Erin Morgenstern — The Starless Sea

The Starless Sea is a story about the love of stories.

The main plot lies mostly underground in a world filled with stories—in books and paintings and sculptures and even in people. Zachary Ezra Rawlings finds an uncatalogued book with no listed author in the library. The book contains a story about him when as a young boy he missed the opportunity of opening a door painted on a wall. But the book is older than Zachary. How could the author know his story? His search for the source of the book leads him to the labyrinth of stories lying under his feet.

Morgenstern’s novel is filled with unrelated stories, fables, fairytales, and myths that intertwine and finally connect at the end of the book. These individual stories contain romance, loss, time and fate, humor…

I’m not usually a fan of fantasy, but I was absorbed in this book and Morgenstern’s excellent writing.
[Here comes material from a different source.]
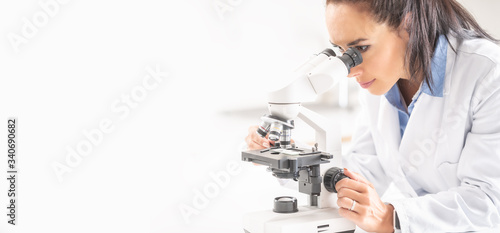 A female laboratory researcher looks into a microscope covering right half of the picture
She has a fantastic imagination.

Dave Eggers — The Parade

The Parade is a psychological, political, literary novella about two anonymous contractors hired to pave a road in an unknown civil-war-torn country. Two opposite personalities travel from the poor south to the city in the north. The author tells the story from “Four’s” point of view. His goal is to follow the rules, don’t interact with the locals, get the job done on time for the parade, and go home. We only see “Nine” through “Four’s” perspective, as a happy-go-lucky rule-breaker who pays little attention to the job and spends his time mixing with the locals, partying, drinking, sleeping with the women, and giving away company property. “Nine” is interested in what’s happening to the country, its people, and what the road will mean to them.

I would give the book four stars, except that I guessed the twist at the end from the very beginning. Maybe I have a twisted mind.

Jonathan de Shalit — A Spy in Exile

The novel felt like several stories stuffed into one book with no real connection except Ya’ara Stein, an ex-agent of Israel’s Mossad, who is training a group of unlikely recruits to become a black ops unit. There is no overall plot, unless you count the random chapters about the sculptor, which doesn’t tie into the story until the end. There is a story with a plot in the first half of the book, but that ended in chapter thirty-something out of seventy-eight.

Lots of time is spent on character development of the unlikely recruits. The main protagonist, Ya’ara, is the least likeable—cold and cruel.

Slow paced, the story didn’t flow. I wouldn’t call it a thriller.